Em O Quarto do Barba-Azul, que da título à obra e o conto mais longo da coletânea, Carter é subversiva quanto ao papel de salvador, no conto originário reservado aos irmãos da donzela, desencadeia um covil para o Barba-Azul prestes a engolir a pureza e a decência de sua nova esposa, e dá toques de sensualidade e irreverência aos detalhes que vão do personagem do afinador de pianos à simbologia do sangue e da marca que ele deixa.
Aliás, todas as histórias têm seu quê de simbólico, seja com o pai da Bela vendendo-a para a Fera, seja com os pássaros que o rei dos Elfos aprisiona em seu casebre na floresta ou com uma jovem garota que fora feita de neve, tudo tem um sentindo além do que está escrito e clama para que o leitor desvende as nuances de cada conto como se despisse uma dama vestida com camadas e camadas de cetim.
Um dos contos que mais imergi floresta adentro foi O Rei dos Elfos, além da história que deixa curiosa pelo desenrolar, há uma grande beleza na descrição dos cenários, sendo inclusive, tecidos parágrafos e mais parágrafos seguidos da mais pura narrativa descrita de local, sem nunca tornar qualquer frase parada ou enfadonha. Uma maestria que apenas enriquece e atiça a imaginação e dá asas para fazer fluir os acontecimentos da história por entre as árvores e criaturas tecidos na mente.
Outro que merece destaque é A Senhora da Casa do Amor, em que a imortal vampira tece seus sonhos pelas cartas de tarô que joga noite após noite, até que o destino a apresenta a oportunidade de mais um banquete apropriado, um inesperado jovem que reverte as circunstâncias da morta-viva.
Aos amantes do famoso A Bela e a Fera, a coletânea conta com três versões da história, da mais próxima ao que conhecemos, à uma bela que se transforma em fera. Todos repletos de tons vermelhos de rosas incautas e espinhos traiçoeiros.
Claro que cada um dos contos poderia ser objeto de análise detalhada, íntima e pormenorizada. Mas merecem, muito mais, toda atenção do leitor a desbravar as palavras e sentidos que povoam cada uma das histórias.

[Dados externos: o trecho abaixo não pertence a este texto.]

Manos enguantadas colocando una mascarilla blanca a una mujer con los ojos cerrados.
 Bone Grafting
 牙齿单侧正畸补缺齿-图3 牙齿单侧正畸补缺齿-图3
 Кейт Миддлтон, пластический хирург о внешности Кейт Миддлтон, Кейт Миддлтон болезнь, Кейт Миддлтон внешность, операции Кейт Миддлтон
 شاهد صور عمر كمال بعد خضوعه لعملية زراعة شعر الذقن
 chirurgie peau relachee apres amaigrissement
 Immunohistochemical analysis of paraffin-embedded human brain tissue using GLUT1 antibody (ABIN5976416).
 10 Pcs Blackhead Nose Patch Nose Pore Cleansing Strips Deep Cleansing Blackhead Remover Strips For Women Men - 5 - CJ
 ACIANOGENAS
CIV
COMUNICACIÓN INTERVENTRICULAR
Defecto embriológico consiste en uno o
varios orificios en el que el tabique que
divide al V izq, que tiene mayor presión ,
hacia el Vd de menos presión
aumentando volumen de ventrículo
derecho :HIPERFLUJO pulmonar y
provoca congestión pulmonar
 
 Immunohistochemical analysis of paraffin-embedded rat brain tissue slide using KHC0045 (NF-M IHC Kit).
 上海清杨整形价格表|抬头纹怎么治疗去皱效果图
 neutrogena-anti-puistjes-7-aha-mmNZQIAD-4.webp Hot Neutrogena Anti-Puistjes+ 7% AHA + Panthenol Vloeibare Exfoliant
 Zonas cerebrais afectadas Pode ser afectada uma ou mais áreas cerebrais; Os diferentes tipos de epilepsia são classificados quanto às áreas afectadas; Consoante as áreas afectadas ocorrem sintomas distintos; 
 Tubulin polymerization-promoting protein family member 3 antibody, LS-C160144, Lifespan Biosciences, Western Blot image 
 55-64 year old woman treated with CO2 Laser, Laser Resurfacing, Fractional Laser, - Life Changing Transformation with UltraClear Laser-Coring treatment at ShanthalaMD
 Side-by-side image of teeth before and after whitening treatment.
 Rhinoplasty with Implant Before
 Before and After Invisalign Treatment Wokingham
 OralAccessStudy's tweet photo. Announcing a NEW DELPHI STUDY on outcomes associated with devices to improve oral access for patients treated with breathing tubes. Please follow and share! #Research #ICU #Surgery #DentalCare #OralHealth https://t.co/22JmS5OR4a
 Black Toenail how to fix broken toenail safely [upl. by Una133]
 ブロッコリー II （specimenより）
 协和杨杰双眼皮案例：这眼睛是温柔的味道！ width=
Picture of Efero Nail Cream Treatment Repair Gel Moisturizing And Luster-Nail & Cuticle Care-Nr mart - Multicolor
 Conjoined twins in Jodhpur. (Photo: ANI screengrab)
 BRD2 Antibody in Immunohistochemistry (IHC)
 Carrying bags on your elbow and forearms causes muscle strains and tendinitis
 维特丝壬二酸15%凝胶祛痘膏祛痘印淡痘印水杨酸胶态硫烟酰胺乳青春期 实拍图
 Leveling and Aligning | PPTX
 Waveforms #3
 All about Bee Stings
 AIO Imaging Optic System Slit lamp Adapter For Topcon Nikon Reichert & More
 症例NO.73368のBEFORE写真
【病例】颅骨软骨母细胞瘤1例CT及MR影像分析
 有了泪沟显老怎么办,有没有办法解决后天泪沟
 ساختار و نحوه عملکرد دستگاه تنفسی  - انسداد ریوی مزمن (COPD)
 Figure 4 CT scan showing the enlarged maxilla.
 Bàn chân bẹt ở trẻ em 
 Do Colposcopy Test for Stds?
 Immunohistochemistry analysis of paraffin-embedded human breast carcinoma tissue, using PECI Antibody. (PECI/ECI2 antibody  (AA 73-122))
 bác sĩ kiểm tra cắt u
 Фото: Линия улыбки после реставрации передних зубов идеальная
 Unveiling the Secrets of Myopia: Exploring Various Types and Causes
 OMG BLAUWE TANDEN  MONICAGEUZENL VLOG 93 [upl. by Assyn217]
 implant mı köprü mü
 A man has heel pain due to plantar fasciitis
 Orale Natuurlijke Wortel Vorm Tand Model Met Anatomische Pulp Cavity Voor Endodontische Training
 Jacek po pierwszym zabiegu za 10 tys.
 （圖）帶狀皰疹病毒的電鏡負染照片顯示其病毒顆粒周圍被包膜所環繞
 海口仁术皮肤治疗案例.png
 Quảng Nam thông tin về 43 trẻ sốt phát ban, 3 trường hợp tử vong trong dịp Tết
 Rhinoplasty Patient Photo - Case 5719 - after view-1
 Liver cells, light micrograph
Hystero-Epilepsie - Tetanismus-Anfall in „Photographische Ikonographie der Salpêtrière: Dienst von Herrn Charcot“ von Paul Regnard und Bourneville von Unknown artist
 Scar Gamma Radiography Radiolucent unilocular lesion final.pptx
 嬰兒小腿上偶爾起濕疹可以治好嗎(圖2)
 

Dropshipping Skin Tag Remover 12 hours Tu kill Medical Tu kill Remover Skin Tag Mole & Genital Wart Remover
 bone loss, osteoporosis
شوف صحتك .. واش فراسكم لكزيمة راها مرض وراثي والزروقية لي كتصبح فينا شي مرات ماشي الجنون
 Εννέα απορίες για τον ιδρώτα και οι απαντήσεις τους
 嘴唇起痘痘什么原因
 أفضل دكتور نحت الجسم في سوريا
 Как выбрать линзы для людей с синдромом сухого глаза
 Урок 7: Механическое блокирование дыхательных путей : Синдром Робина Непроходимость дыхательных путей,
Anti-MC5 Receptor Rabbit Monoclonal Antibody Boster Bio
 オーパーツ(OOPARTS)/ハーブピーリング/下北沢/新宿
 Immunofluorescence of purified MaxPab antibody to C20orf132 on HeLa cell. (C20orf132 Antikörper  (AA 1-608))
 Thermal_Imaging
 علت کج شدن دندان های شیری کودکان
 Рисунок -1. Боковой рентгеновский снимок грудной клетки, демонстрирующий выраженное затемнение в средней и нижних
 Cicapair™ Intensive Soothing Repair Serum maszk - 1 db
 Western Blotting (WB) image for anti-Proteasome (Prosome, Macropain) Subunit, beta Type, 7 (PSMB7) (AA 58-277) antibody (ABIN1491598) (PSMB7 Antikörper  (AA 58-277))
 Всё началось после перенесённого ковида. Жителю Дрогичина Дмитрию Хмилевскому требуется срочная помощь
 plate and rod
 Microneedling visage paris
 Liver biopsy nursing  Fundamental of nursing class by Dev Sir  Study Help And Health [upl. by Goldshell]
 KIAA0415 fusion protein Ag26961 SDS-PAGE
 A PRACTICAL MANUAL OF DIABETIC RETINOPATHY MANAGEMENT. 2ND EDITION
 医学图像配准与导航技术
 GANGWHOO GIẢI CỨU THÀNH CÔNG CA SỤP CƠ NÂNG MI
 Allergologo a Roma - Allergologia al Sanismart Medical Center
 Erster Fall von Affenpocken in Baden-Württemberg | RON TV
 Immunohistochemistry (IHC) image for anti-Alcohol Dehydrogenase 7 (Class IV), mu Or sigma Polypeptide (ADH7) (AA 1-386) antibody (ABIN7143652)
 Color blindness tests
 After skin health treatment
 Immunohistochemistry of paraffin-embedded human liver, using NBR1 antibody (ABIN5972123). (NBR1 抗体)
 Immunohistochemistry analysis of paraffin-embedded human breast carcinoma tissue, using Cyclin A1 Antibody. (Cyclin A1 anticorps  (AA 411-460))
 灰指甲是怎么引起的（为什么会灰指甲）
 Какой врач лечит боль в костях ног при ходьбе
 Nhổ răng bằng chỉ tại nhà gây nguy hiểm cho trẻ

Em resumo, precisam ser lidos para serem sentidos.
Toda a obra de Carter é uma ode ao feminino, com demonstrações claras da sensualidade que reverbera das próprias mulheres, o misticismo da virgindade, a força da maternidade, os elos do amor e refutando o papel de donzela em perigo e mulher indefesa. Sem dúvidas, mais que leitura recomendada para os amantes de releituras de contos de fadas, já que é deleite para a imaginação, mas necessária para fazer questionar tudo e todos ao nosso redor e os papéis que a literatura costuma moldar em suas páginas de papel, para as mulheres.